Cloud Native Qumulo scaled to 1.6 TB/s on AWS, and that’s not even the best part. Here is what it means for you.
For years, enterprise customers have voiced the same concern about the cloud:
“It just isn’t fast enough.”
“Even if it were, we can’t reliably get enough compute in one availability zone.”
One customer put the challenge plainly:
“We need to exceed 1.5 TB/s of sustained throughput in the cloud, without sacrificing reliability or flexibility.”
That capital “B” in TB matters. This is bytes, not bits. One byte equals eight bits, so 1.5 TB/s translates to roughly 12 terabits per second of sustained data movement. And sustained matters just as much. This is not a short-lived burst or a cache-assisted spike, but continuous throughput maintained over time.

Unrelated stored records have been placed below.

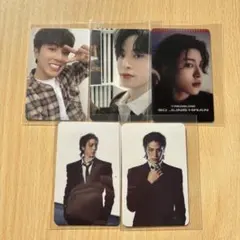 treasure ジョンファン　トレカ　セット　まとめ売り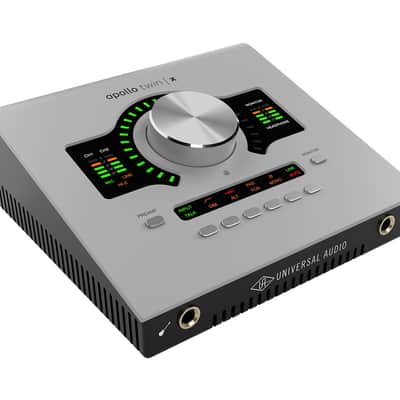 Universal Audio Apollo Twin X Duo Studio+Plus Gen 2 Thunderbolt Audio Interface image 3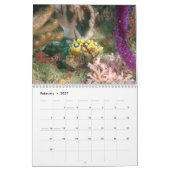 Nudibranch Calendar Kalender (Feb 2027)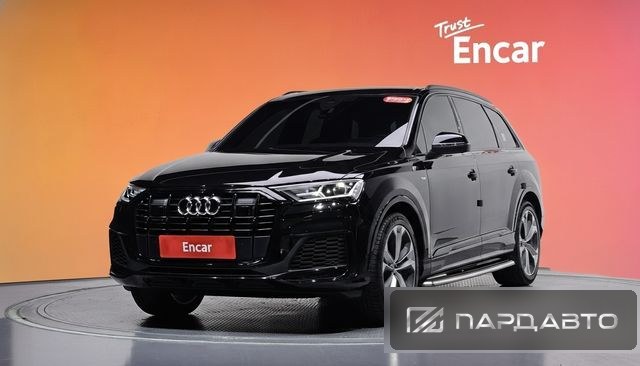 Audi Q7 (4M)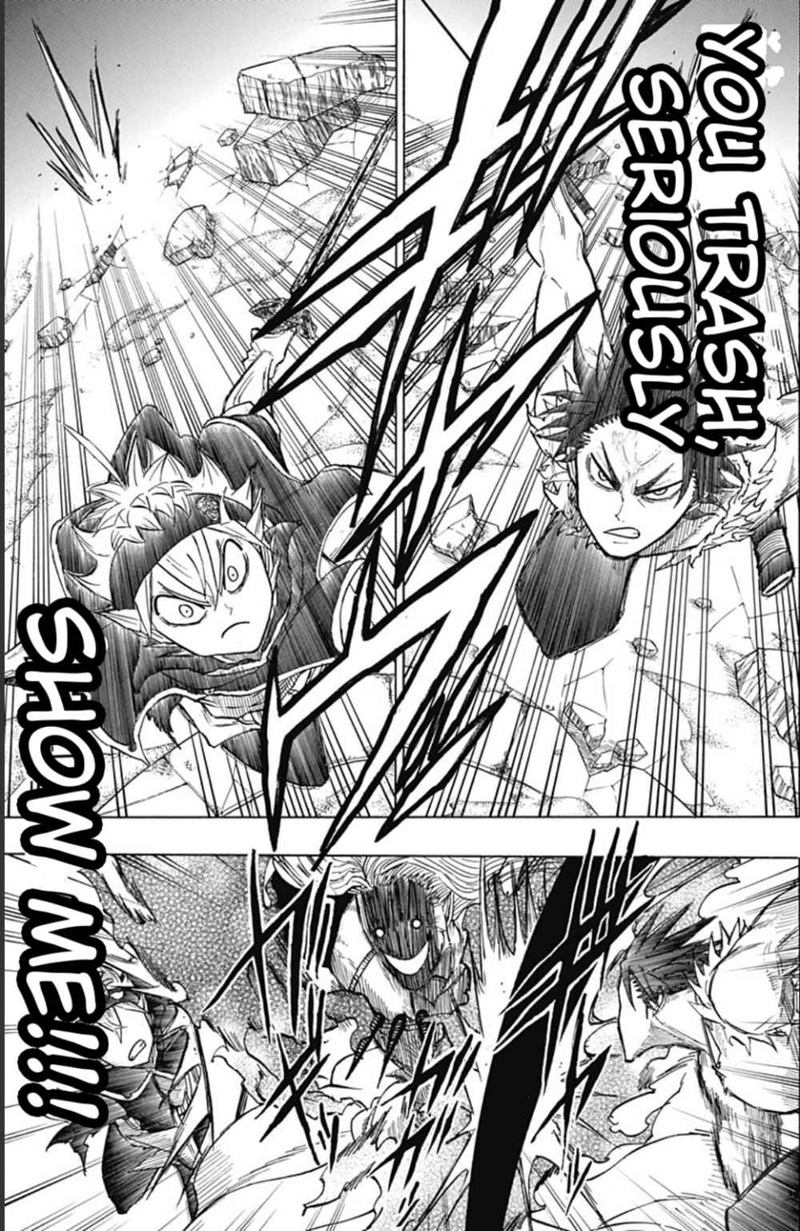 Black Clover Gaiden Quartet Knights 22 3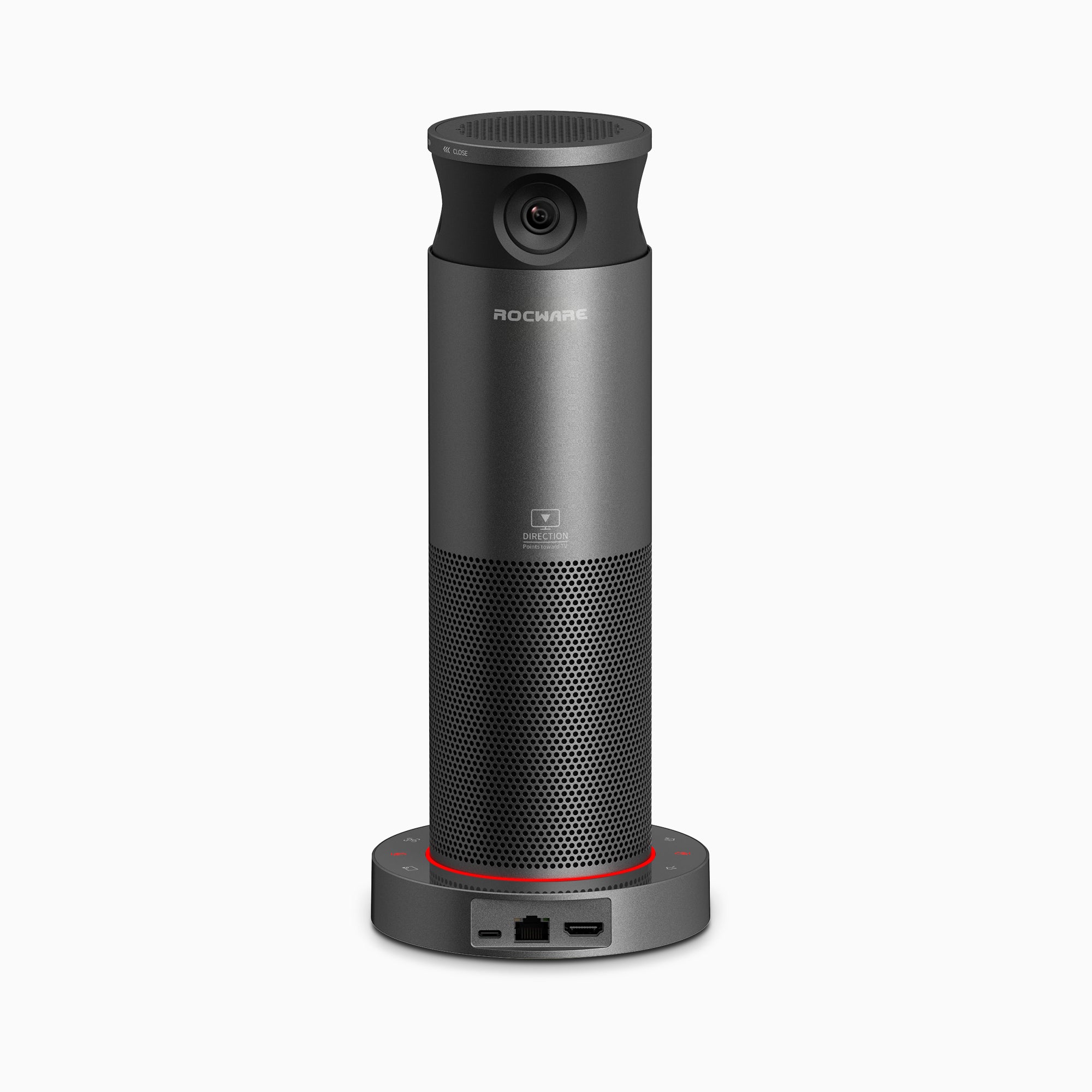 RC360 All-in-One AI-Powered Conference Camera with BYOM
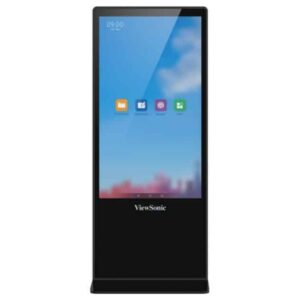 Display Viewsonic Profissional Multi-touch Digital ePoster 55" UHD 4K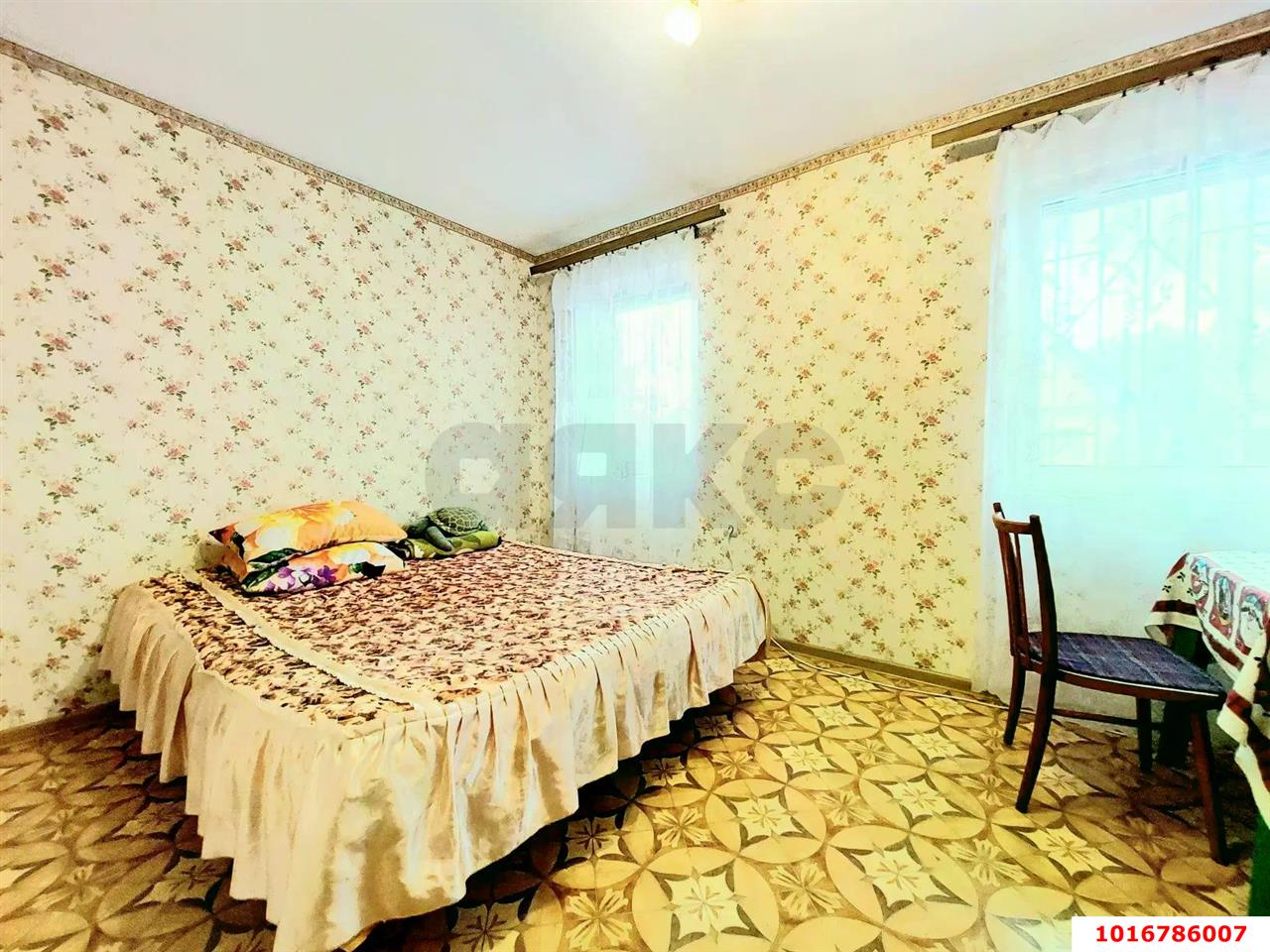 Фото №8: Дом 64&nbsp;м² + 4.4&nbsp;сот., 1&nbsp;эт. - Железнодорожник, мкр. Карасунский внутригородской округ, ул. Припутевая, 7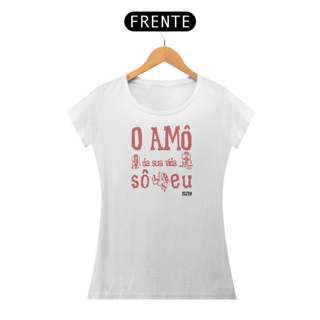 Nome do produto FORRÓ- O AMÔ DA SUA VIDA SÔ EU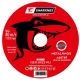 SHARKNES TARCZA DO METALU 41 125X1.0X22 VILI -zdjęcie numer 1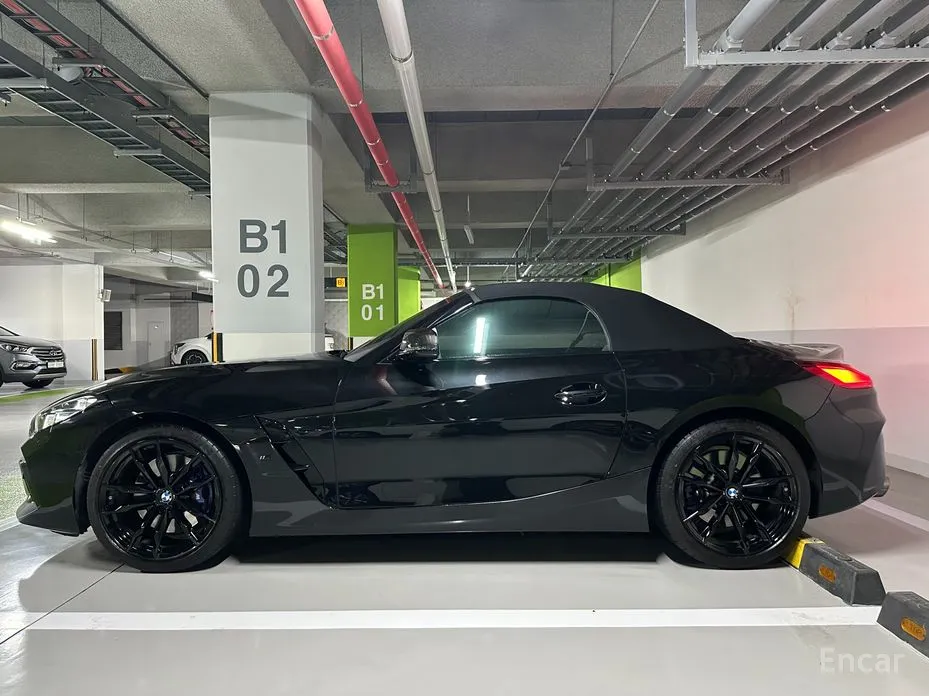BMW Z4 2019 sDrive20i M Sport
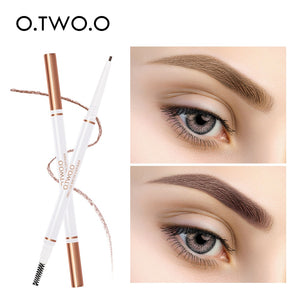 O.TWO.O Eyebrow Pencil Waterproof Natural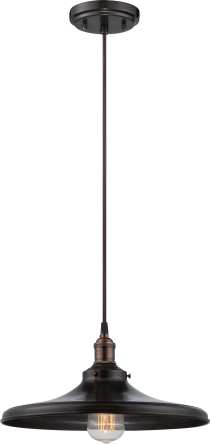 1 LT VINTAGE PENDANT - 60-5506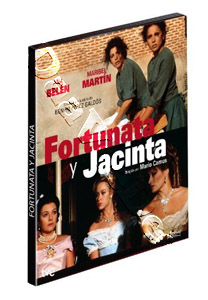Fortunata and Jacinta 3-DVD Set (DVD)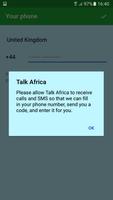 Talk Africa screenshot 3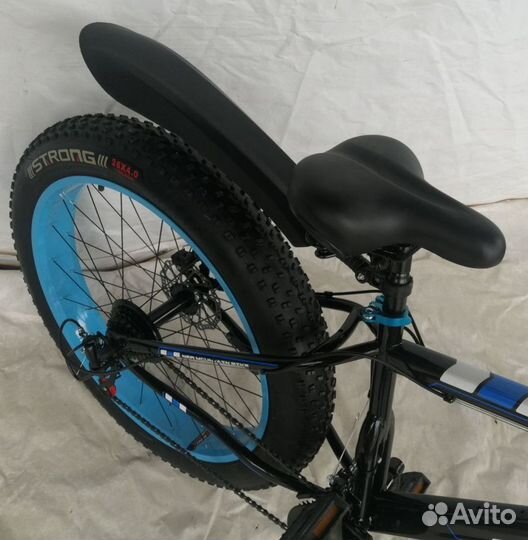 Фэтбайк JCN 26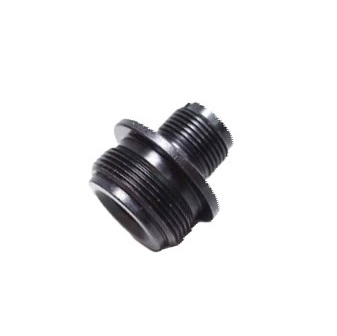 SPARTAN DOCTRINE SILENCER ADAPTOR FOR MARUZEN APS II SV/OR - (14mm -) SD-AD-06
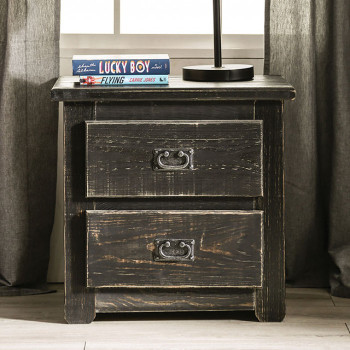 AM7000BK-N AMPELIOS NIGHT STAND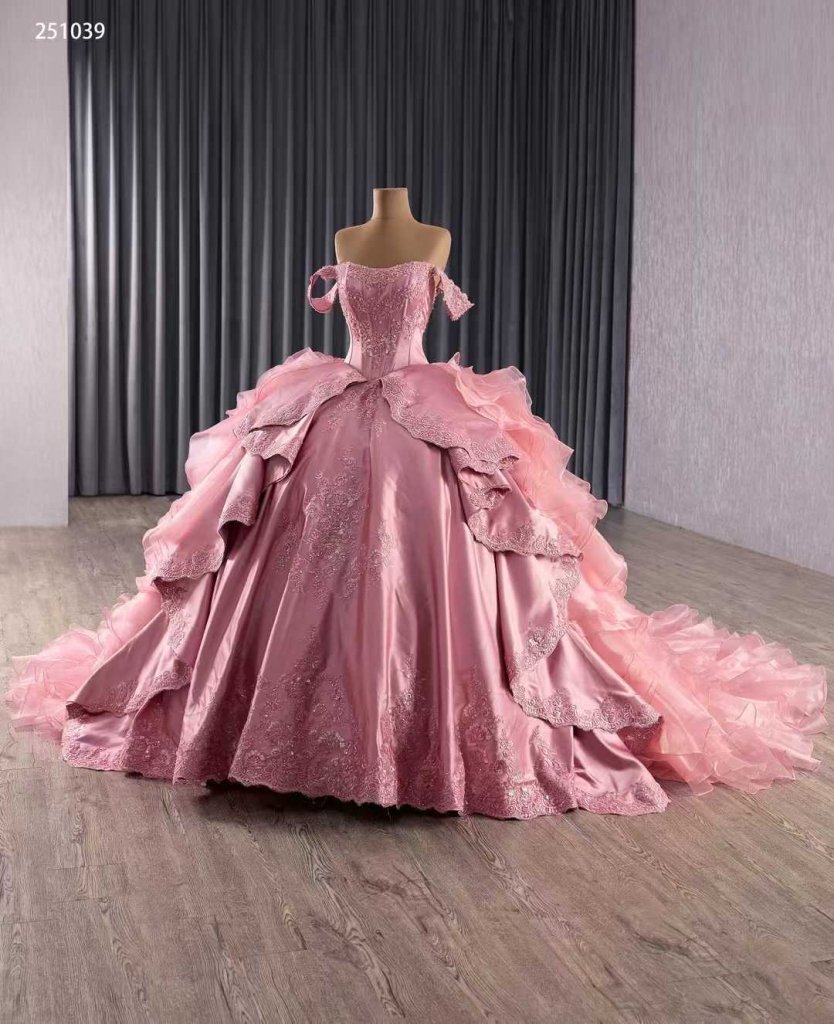 Quinceanera Dress 251039 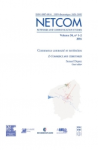 Netcom, vol. 30, n. 1-2 - 01/01/2016 - Commerce connecté et territoires
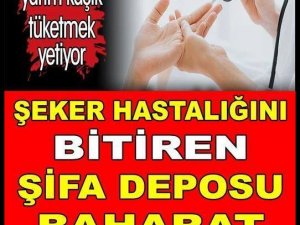 Yarım Kaşığı Yeterli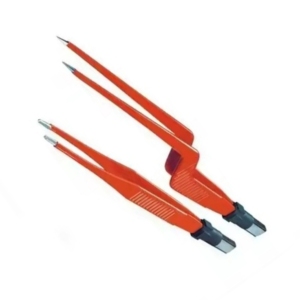 Micro Bipolar Forceps High Precision Fine Tip Surgical <b>Instrument</b> for Neurosurgery Microsurgery ENT and Ophthalmic Procedures Re - Product Image 1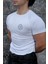 Valhalla - Compression T-Shirt (Beyaz) 2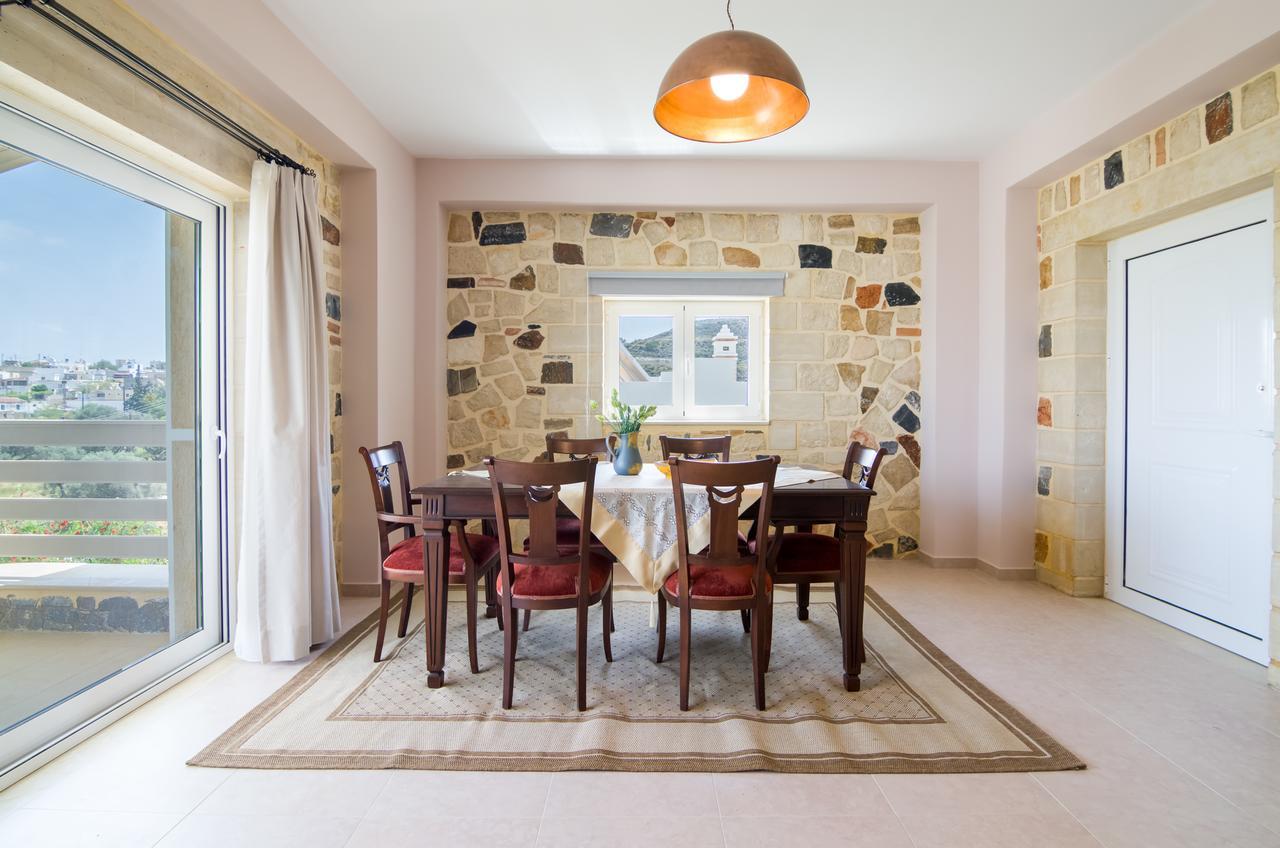 Efrosini Country Villa-Anesis Family Kamilari Buitenkant foto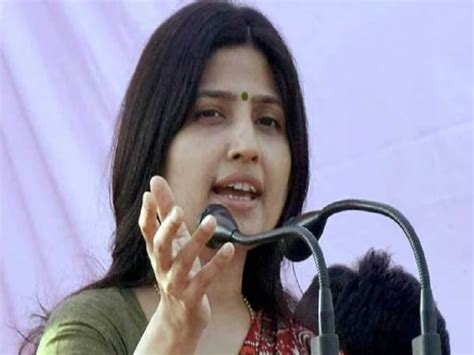 Dimple Yadav Said People Have Understood That Up Cannot Develop In The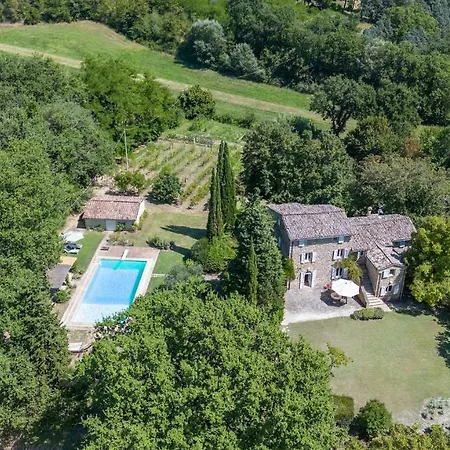 Villa Casale Le Querce Di 8, Emma Cetona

To put that number in context, streaming a single 4K movie typically requires ~25 megabits per second. At 12 Tb/s, the same system could theoretically support nearly half a million simultaneous 4K streams.
And for those who are wondering, Qumulo CNQ rose to the challenge, reaching 1.6 TB/s and 20.7 million IOPS, but more on that later.
In fact, performance numbers alone were never the real concern. Few companies need 1.5 TB/s today, but experience tells us that only planning for current demand rarely ends well. Building high-performance systems from cloud resources is often a matter of budget, risk tolerance, and system fragility. Indeed, building for speed alone is a great way to get on a first-name basis with the CFO in many organizations – not in a good way. Combining speed with a brittle infrastructure architecture may temporarily solve one challenge, but it creates many additional technology and economic challenges as knock-on effects.
Solving the root problem of architectural flexibility requires new thinking.
Most cloud storage platforms force customers to make long-term infrastructure decisions early. Performance, availability, and cost are tightly bound together, requiring overprovisioning for peak demand, duplicate data for resiliency, or anchor workloads to specific locations. Once those choices are made, they are difficult and expensive to undo.
As a result, storage becomes the constraint that compute teams plan around rather than a flexible foundation that adapts to changing workloads.
The better question customers should be asking is not, “How fast can this thing go?”
It is this: Can the cloud deliver crazy extreme performance when I need it, without locking me into brittle architectures, duplicated storage, or permanently overprovisioned infrastructure?
Qumulo took that challenge seriously. Not by chasing a headline number, but by proving a different operational model. And that is why 1.6TB/s is NOT THE HEADLINE. You might ask, “Qumulo, if scaling to 1.6 TB/s on AWS, isn’t the headline, what is?”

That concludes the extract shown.